Contrast this view with those of a company CFO or treasurer who's managing one or more series of variable rate bonds or other floating rate securities. In this context the bonds are liabilities (or assets with a minus sign). That the prices of these securities are stable to the investor is little consolation to the CFO whose bonds are resetting at 15%. In this financial economy, that particular CFO is likely very happy with her/his fixed-rate obligations despite the fact that the quant would label the fixed-rate bonds as the risky securities. The CFO has been trained cash is king; that the value of your variable rate bonds stayed at par from time of issuance all the way to today matters little in front of the bankruptcy judge. And bankruptcy is unfortunately what happens if nominal interest payments to debt holders could no longer be satisfied. These settings are corporate environments, where earnings and cash flow are driving considerations.

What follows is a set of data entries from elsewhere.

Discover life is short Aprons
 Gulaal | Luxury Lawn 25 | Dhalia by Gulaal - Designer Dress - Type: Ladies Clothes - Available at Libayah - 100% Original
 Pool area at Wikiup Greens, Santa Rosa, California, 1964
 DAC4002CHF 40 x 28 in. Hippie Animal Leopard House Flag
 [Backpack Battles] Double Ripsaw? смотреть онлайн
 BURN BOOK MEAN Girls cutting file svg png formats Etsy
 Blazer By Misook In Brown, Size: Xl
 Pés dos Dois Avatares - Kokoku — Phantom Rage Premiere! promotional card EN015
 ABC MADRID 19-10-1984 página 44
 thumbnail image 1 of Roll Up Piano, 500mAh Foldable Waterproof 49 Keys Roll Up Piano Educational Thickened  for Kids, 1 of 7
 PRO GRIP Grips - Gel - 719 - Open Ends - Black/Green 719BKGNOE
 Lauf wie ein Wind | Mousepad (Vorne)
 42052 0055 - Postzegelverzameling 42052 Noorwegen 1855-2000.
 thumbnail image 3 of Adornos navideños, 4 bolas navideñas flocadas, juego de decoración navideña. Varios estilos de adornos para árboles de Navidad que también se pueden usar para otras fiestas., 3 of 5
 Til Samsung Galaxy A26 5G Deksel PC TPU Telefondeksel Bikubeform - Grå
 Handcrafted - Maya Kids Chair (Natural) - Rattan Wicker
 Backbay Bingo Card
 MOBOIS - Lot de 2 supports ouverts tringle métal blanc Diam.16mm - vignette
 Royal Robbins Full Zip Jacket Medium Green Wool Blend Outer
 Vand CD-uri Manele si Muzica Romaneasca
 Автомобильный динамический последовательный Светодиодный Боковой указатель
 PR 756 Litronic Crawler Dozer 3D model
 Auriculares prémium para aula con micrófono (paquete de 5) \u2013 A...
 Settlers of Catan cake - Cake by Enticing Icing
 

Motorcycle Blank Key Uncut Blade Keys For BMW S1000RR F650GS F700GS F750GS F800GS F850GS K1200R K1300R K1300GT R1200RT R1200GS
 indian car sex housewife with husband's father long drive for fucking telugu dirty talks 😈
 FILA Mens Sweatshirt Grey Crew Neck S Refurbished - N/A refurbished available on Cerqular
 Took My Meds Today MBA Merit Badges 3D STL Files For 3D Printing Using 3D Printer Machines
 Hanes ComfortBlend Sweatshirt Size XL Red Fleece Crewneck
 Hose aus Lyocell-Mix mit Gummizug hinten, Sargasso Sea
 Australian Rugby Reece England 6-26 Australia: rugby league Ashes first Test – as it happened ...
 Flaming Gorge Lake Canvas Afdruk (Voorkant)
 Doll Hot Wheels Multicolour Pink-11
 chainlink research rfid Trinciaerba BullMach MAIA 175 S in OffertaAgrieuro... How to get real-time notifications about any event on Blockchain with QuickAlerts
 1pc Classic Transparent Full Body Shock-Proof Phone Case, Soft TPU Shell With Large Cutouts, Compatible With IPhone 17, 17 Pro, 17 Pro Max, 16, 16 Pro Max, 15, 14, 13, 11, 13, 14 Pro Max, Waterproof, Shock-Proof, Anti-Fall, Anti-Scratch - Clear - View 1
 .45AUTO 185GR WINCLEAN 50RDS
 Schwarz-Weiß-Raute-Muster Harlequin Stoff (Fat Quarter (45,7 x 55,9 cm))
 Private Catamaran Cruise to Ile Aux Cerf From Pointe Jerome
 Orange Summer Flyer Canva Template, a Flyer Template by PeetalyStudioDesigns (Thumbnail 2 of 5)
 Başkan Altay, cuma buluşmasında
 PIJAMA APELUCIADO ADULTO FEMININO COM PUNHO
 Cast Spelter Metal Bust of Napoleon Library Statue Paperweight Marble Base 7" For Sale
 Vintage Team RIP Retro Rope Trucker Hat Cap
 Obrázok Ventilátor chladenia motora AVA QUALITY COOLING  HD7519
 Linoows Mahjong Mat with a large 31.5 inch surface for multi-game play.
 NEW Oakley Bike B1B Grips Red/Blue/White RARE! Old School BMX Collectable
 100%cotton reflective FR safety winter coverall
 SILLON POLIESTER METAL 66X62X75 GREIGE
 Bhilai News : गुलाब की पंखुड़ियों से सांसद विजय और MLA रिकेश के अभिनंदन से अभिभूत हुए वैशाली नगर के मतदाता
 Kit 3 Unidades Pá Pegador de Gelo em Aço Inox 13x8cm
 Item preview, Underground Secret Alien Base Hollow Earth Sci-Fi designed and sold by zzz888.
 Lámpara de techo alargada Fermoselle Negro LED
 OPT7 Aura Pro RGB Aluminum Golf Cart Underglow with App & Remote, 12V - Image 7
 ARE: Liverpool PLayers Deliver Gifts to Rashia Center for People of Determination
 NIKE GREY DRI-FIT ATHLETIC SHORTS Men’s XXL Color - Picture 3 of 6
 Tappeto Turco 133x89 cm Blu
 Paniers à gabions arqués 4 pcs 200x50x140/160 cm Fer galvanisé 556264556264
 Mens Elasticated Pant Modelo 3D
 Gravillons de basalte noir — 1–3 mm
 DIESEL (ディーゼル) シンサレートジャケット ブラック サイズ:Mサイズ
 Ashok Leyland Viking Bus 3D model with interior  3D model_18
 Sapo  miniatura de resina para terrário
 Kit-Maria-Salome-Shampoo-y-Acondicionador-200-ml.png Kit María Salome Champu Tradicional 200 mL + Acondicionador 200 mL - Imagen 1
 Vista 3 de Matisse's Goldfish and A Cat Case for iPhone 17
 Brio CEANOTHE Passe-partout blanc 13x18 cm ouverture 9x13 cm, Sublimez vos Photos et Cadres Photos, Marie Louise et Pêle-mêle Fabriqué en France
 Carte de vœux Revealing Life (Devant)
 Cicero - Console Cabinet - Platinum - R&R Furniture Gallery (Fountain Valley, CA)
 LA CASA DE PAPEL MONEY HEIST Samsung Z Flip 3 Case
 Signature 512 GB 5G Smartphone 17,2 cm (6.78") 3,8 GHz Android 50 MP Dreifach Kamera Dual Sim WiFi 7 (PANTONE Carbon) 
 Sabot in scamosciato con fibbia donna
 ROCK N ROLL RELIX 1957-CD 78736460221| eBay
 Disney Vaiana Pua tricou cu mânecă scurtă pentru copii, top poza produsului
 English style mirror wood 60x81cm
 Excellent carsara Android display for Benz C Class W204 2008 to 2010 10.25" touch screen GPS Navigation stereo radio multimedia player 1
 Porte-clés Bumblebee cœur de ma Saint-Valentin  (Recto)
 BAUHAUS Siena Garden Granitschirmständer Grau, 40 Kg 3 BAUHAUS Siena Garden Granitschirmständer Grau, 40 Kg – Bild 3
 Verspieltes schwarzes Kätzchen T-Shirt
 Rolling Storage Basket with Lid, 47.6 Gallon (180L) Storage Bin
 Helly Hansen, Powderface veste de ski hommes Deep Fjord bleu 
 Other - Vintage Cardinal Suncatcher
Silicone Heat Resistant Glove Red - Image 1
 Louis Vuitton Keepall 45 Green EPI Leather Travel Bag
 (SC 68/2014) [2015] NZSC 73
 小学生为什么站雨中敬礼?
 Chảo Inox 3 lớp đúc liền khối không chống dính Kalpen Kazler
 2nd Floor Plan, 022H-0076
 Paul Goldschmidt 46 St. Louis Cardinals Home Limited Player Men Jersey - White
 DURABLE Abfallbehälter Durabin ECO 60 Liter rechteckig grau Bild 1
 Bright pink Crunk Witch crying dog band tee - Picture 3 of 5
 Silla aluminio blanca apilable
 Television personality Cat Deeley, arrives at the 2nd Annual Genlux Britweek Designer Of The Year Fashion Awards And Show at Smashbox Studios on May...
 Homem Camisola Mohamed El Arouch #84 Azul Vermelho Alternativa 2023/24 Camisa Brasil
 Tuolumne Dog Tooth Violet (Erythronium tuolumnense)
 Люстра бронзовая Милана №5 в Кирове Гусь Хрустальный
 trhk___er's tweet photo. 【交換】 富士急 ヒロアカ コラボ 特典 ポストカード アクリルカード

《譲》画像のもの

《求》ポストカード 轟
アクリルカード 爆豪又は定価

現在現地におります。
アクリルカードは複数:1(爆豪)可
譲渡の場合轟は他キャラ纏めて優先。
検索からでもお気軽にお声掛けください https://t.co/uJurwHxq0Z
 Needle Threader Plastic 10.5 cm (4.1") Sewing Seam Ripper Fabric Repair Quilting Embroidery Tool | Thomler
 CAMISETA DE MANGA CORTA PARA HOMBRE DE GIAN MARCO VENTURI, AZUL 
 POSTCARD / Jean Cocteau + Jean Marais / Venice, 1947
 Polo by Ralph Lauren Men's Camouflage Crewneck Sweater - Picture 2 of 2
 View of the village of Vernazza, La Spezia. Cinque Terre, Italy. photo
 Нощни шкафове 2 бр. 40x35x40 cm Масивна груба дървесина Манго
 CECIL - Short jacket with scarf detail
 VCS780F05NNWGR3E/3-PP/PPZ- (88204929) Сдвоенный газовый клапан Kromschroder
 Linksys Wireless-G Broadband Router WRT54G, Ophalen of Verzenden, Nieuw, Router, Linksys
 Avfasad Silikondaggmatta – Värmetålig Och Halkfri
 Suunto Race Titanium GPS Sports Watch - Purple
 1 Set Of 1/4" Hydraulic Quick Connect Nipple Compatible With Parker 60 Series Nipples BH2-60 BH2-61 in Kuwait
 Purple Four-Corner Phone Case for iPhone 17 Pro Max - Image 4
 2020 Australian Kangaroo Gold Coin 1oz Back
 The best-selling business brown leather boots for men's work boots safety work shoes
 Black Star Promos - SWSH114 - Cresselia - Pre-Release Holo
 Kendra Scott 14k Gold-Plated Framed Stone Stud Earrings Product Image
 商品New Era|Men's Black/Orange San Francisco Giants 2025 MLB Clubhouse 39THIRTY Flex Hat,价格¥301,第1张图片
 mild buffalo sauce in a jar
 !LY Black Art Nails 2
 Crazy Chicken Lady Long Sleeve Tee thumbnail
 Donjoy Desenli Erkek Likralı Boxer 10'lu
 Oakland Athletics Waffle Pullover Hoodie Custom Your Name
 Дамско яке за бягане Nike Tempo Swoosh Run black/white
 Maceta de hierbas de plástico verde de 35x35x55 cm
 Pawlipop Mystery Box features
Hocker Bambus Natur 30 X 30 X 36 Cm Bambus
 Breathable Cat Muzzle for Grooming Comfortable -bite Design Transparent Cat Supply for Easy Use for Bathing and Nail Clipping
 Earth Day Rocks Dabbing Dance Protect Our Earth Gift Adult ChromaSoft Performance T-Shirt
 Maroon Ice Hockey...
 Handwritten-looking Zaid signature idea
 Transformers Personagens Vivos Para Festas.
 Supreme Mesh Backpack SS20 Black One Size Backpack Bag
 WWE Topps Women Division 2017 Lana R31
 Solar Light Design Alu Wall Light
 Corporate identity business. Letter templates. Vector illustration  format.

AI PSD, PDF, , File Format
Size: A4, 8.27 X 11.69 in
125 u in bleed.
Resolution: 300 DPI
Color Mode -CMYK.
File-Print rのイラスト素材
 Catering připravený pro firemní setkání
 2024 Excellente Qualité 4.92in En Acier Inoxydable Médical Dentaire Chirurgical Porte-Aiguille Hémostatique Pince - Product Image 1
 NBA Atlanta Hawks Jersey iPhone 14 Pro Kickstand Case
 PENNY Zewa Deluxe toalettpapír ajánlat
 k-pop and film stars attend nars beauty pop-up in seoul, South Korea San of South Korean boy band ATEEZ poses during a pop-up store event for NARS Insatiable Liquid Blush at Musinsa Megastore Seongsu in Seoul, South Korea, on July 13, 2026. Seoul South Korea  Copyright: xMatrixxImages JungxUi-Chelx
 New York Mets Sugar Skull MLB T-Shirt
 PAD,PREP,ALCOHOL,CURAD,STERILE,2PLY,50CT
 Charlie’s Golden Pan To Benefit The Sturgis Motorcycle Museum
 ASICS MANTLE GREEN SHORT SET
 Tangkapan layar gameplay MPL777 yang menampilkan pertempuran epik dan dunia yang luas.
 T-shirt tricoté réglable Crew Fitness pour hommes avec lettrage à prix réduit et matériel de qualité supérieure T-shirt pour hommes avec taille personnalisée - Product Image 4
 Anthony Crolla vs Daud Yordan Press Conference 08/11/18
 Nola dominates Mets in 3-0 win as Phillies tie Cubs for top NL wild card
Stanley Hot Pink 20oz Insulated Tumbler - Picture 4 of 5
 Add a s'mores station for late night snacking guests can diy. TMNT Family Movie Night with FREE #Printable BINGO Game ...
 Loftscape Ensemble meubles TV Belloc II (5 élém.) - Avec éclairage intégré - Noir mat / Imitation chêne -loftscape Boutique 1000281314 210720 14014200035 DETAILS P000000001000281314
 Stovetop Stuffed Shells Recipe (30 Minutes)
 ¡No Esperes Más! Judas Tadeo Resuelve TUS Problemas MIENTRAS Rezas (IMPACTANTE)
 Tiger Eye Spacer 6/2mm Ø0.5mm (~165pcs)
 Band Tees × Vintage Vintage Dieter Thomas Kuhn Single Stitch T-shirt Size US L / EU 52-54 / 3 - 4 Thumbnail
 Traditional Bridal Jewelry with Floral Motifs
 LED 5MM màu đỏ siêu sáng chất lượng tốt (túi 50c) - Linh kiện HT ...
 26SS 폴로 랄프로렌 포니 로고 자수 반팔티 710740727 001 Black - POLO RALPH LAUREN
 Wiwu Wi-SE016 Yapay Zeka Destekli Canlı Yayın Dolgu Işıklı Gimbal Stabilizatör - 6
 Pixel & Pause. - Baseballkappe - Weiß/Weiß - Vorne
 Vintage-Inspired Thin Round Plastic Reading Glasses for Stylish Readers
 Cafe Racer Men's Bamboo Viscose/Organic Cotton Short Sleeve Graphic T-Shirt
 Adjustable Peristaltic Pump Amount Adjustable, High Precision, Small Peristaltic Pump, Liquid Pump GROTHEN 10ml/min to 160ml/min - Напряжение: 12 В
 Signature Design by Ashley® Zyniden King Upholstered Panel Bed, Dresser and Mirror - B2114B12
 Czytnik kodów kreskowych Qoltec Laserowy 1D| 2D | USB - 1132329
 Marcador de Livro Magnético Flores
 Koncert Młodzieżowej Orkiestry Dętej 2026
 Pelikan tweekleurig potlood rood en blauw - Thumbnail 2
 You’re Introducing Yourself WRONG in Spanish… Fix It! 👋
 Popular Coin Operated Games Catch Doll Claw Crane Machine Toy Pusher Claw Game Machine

In short, I'd have to respectfully disagree with Dr. Black if he intimated that we all should think about risk only in present value terms. In our political economy, nominal cash flow variability often drives real risk that should be understood and considered. The unfortunate truth is that much analytic focus has been placed on problems that exist only in financial environments, largely because of the widespread adherence among quants to the same view expressed by Dr. Black. Not nearly as many tools are available to those trying to navigate corporate environments.

Does this mean that corporate environments don't have challenging cash flow or earnings problems to solve? Are these problems somehow unworthy of high quality, data-driven analytics? I think this question is answered well in a recent Sep08 Harvard Business Review article. Its contents are ones with which I totally agree. What do you think?